PROBLEM DESCRIPTION:
Repeat the data that follows exactly, starting at the line with "Halloween Headless Ghost" and ending at the line with "Symbol of the", and leave out every picture.

[[ DATA TO PROCESS open ]]

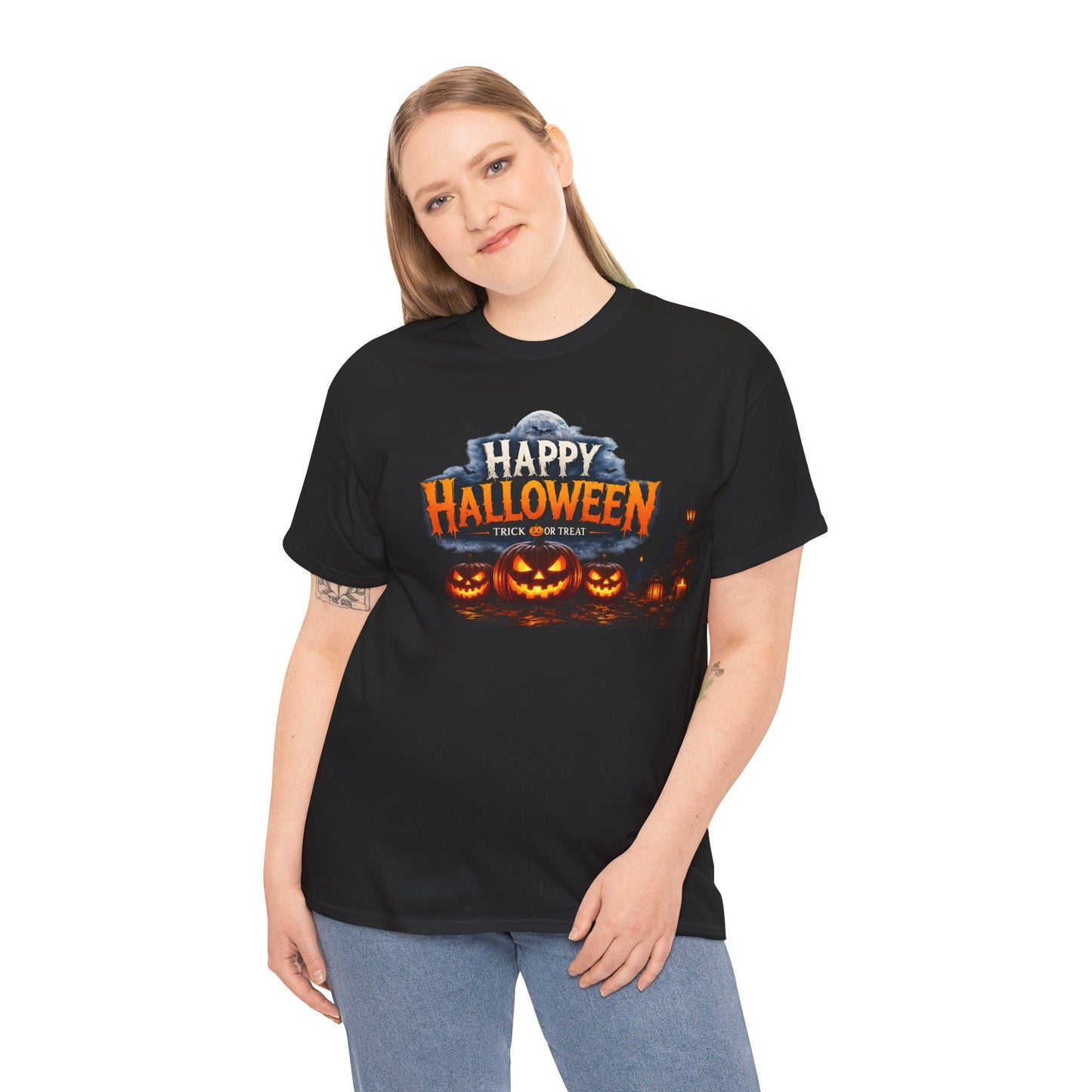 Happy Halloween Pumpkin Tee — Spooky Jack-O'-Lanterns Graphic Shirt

[[ DATA TO PROCESS closed ]]
[[ DATA TO PROCESS open ]]

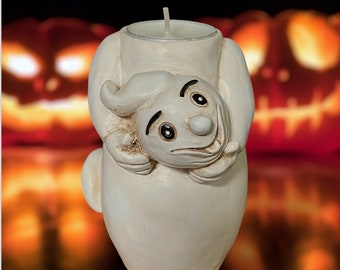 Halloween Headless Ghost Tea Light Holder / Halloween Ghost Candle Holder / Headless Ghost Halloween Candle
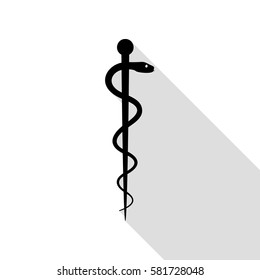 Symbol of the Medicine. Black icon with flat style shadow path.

[[ DATA TO PROCESS closed ]]

EXERCISE RESPONSE:
 Halloween Headless Ghost Tea Light Holder / Halloween Ghost Candle Holder / Headless Ghost Halloween Candle
 Symbol of the Medicine. Black icon with flat style shadow path.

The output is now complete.